_Requirement_
Exactly retype the lines from the top of the data through the line containing "Salad with beetroot, apple and dill", leaving out every picture.

_Input data_
━━━━━━━━━━━━━━━━

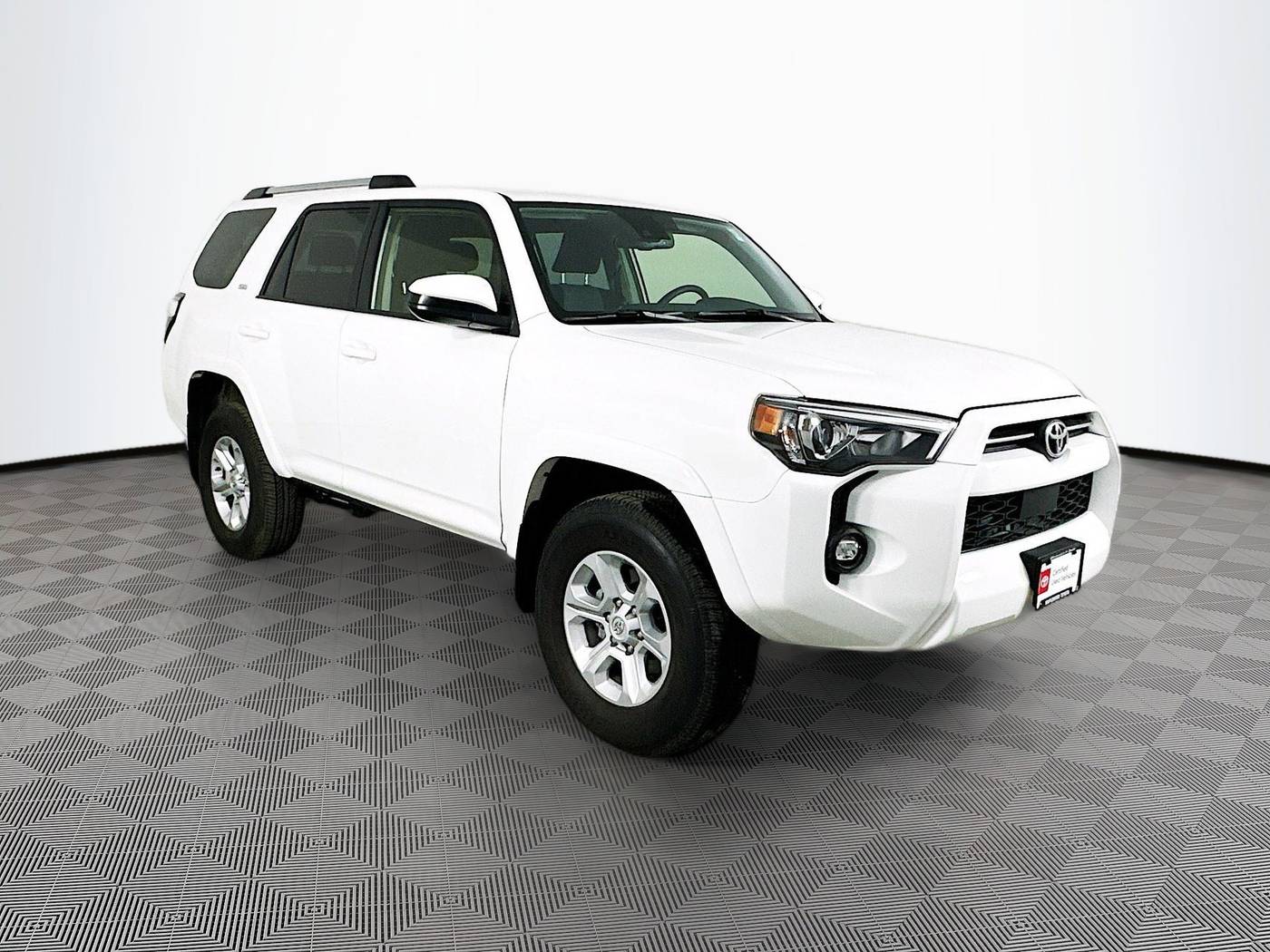 2024 Toyota 4Runner SR5 — SUV — 15,715 mi — Maplewood, MN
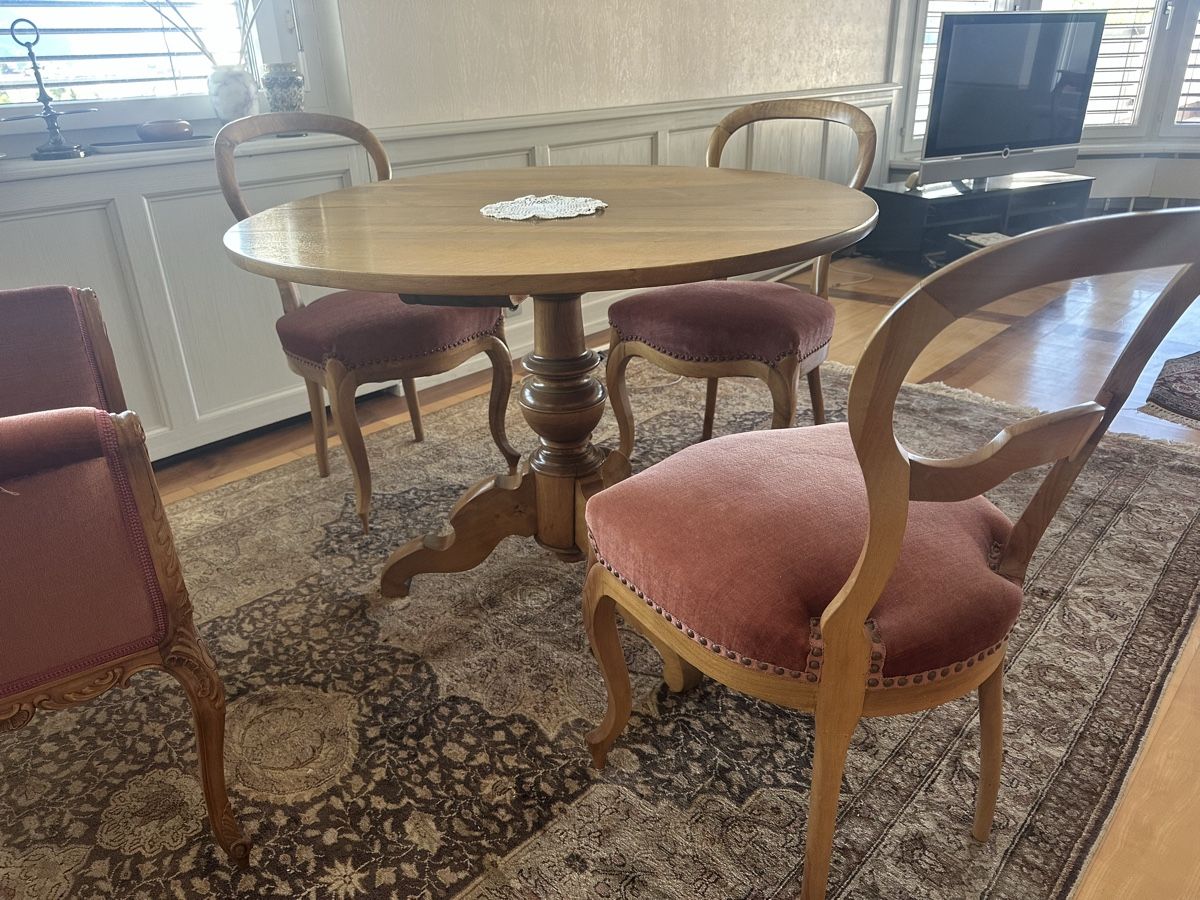 Set de table et chaises: Esstisch mit 5 Stühlen und einem Hocker – D'occasion à Schönenwerd par floriana.d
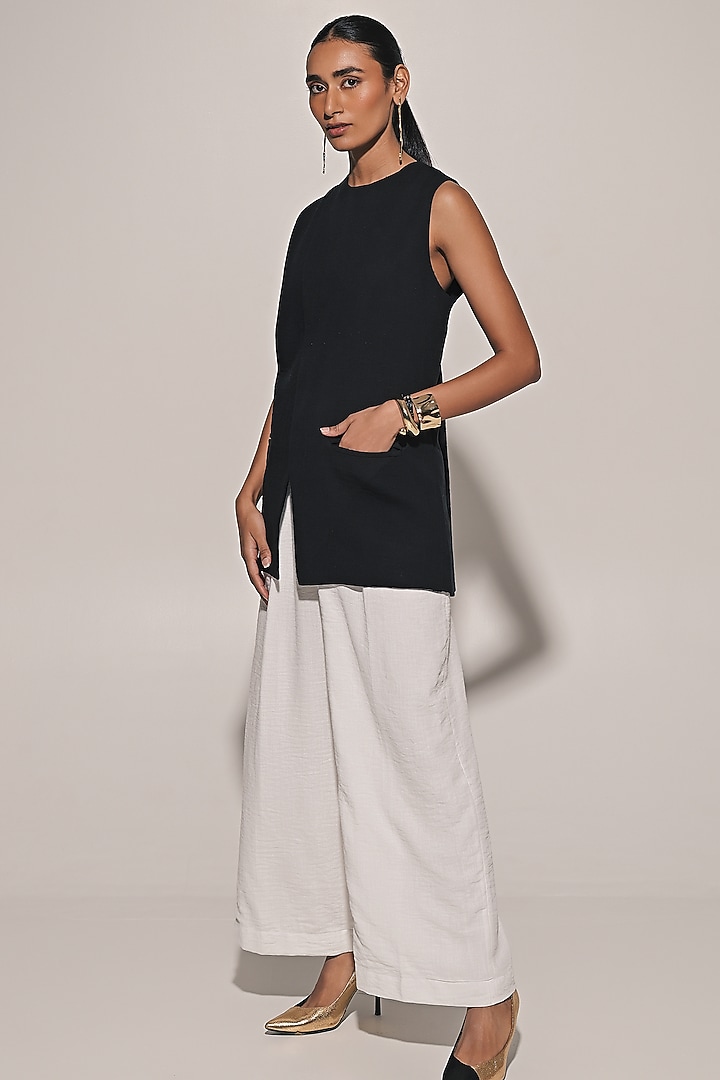 White Blended Linen Pant Set by Kriti Bapna at Pernia's Pop Up Shop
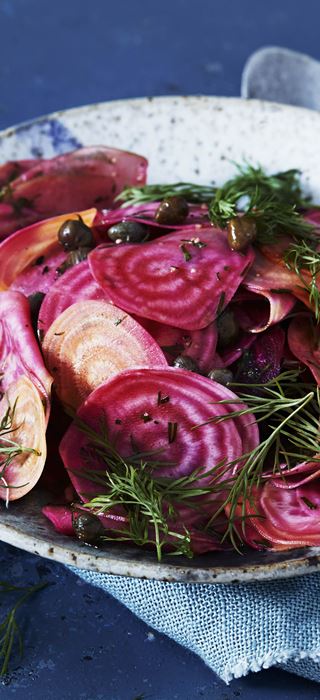 Salad with beetroot, apple and dill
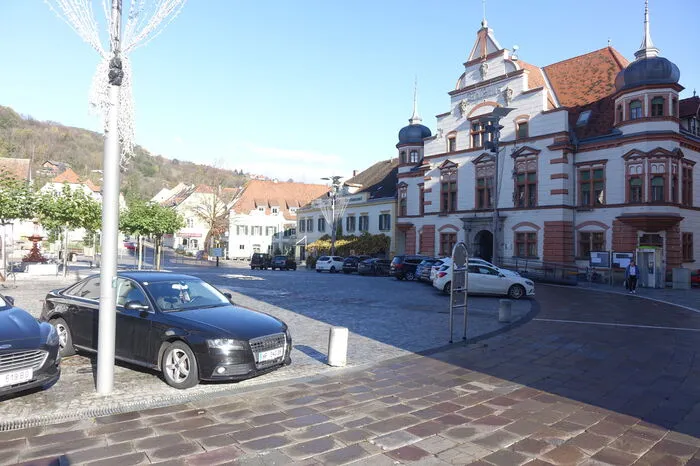 Obwohl die meisten Geschäfte in der Hartberger Innenstadt geschlossen hatten, waren etliche Parkplätze belegt.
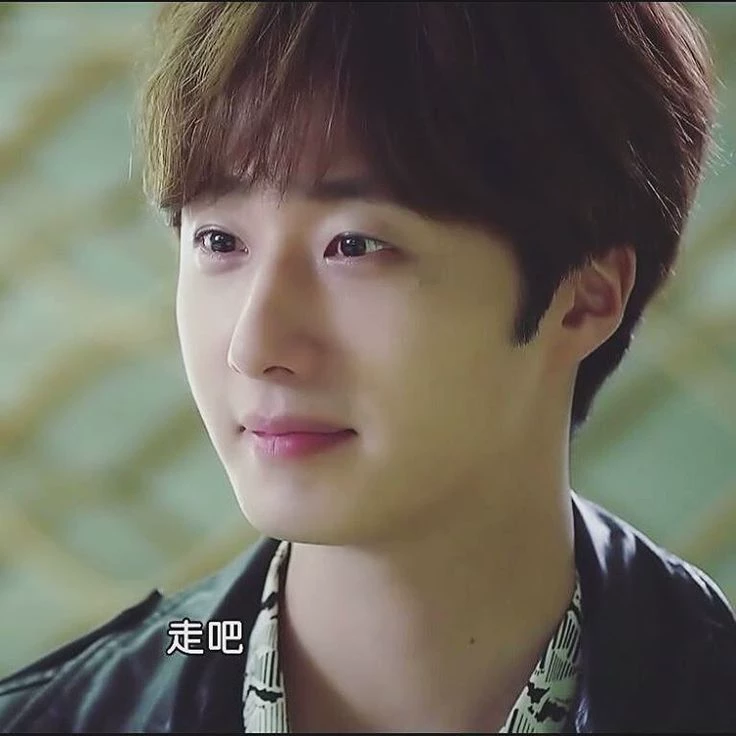 Cinderella and the 4 knights thumbnail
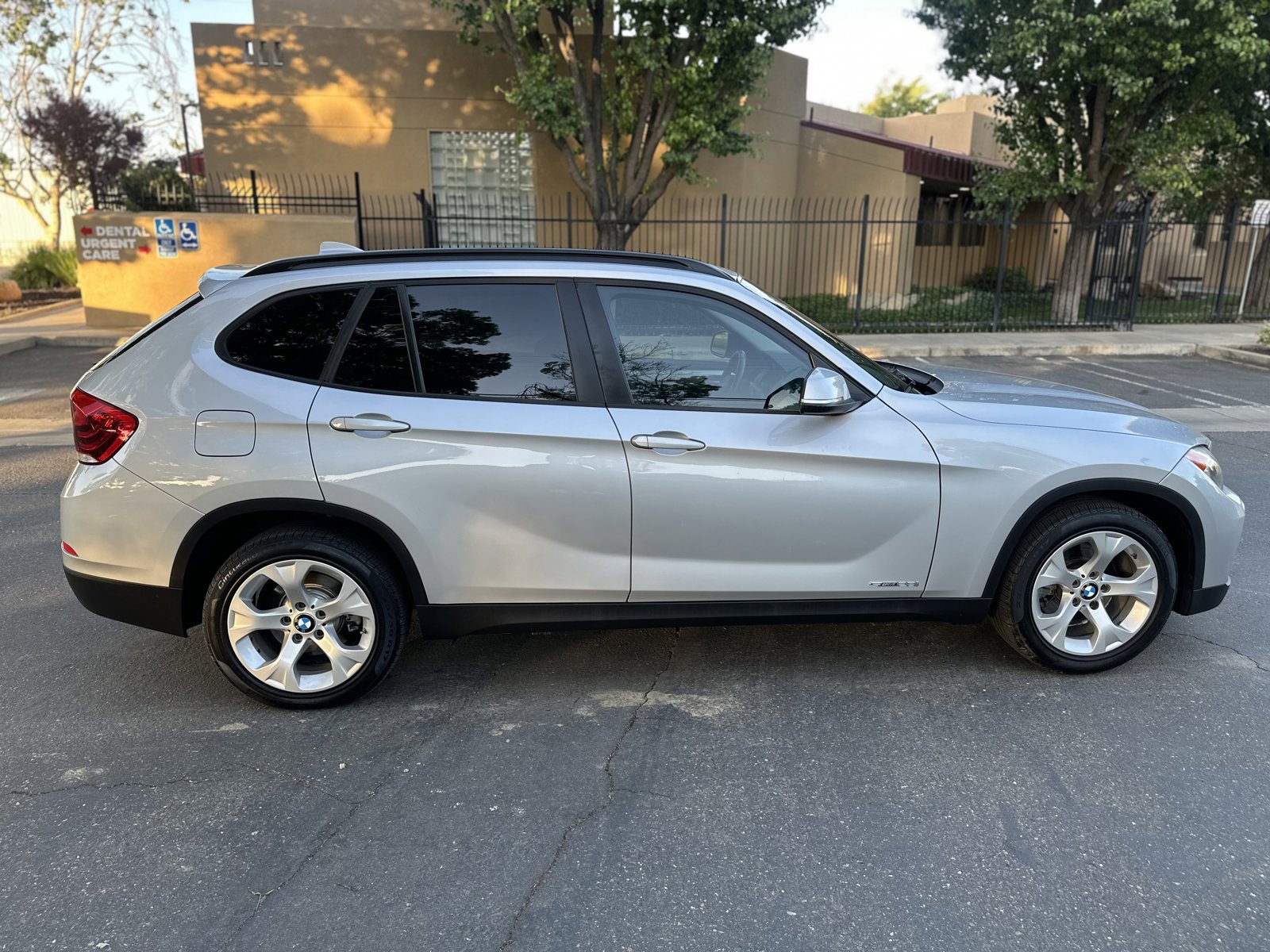 Used 2014 BMW X1 sDrive28i image 3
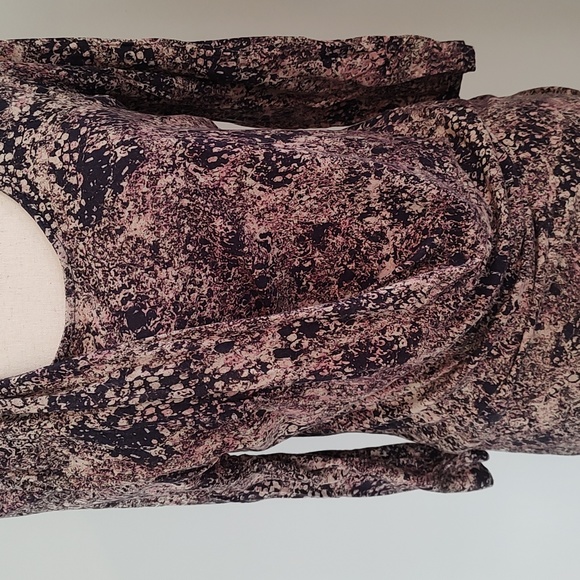 Daisy Fuentes wrap style stretchy top and black and cream, medium - Picture 3 of 6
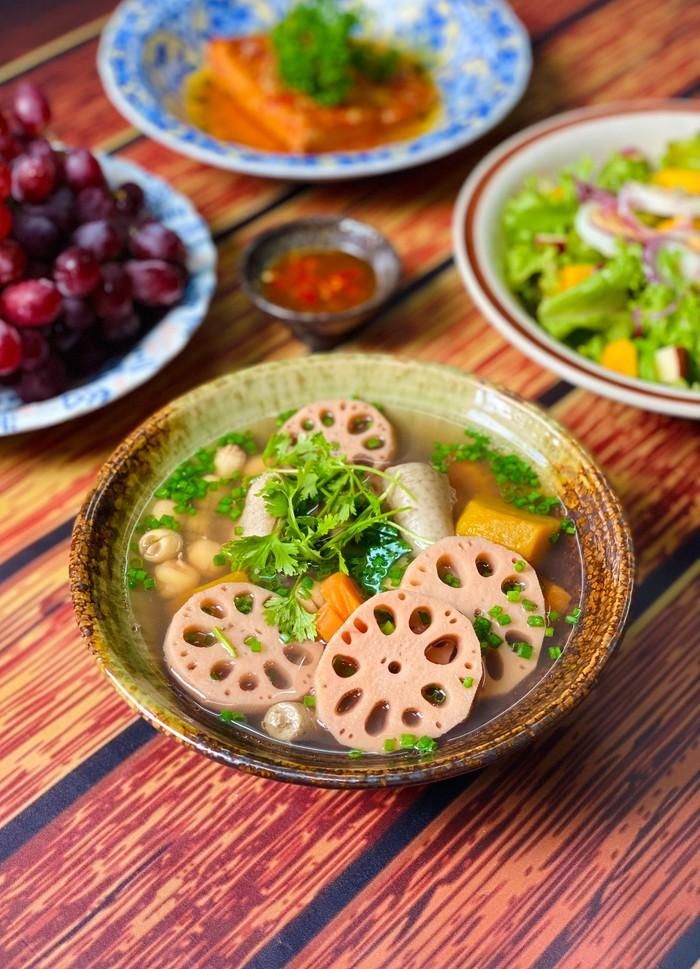 3/ Salad trứng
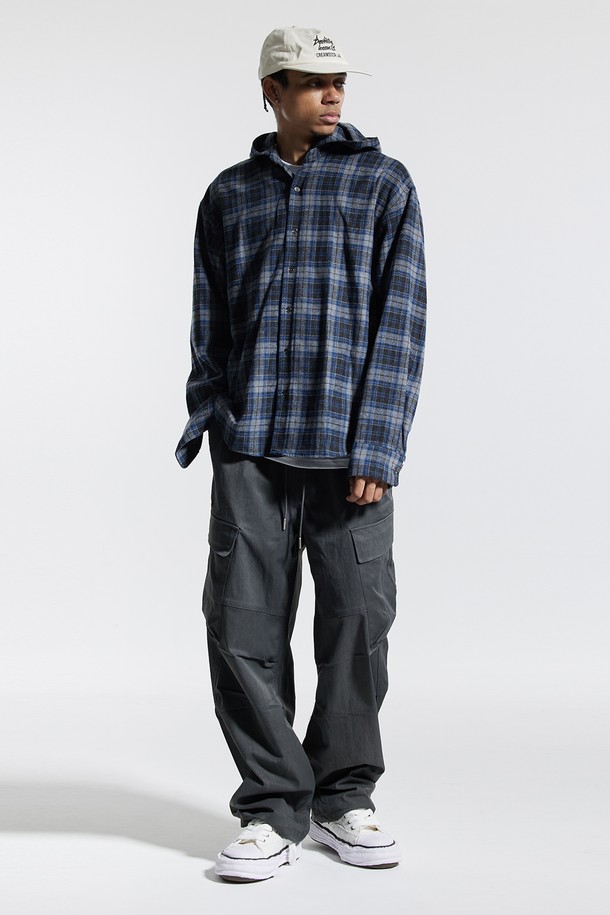 씨알에스디엘(CRS DL) 사이드 빅 카고 디링 코팅 워시드 팬츠는 스트릿, 캐주얼, 시티보이 스타일을 아우르는 남성용 카고 팬츠입니다. 봄, 가을에 착용하기 좋으며, 동네 마실룩이나 캠핑룩에 잘 어울립니다. 블랙, 그레이, 차콜 세 가지 색상으로 출시되었으며, 와이드 핏과 루즈핏으로 편안한 착용감을 제공합니다. 폴리에스테르 소재에 코팅 디테일을 더해 독특한 질감을 살렸으며, 사이드 카고 포켓, D링 디테일, 밑단 스트링, 구조적 디자인 포켓 등의 특징을 갖추었습니다. 빠른 흡수/건조 기능으로 쾌적함을 유지합니다.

━━━━━━━━━━━━━━━━

_Answer for this exercise_
 2024 Toyota 4Runner SR5 — SUV — 15,715 mi — Maplewood, MN
 Set de table et chaises: Esstisch mit 5 Stühlen und einem Hocker – D'occasion à Schönenwerd par floriana.d
 White Blended Linen Pant Set by Kriti Bapna at Pernia's Pop Up Shop
 Salad with beetroot, apple and dill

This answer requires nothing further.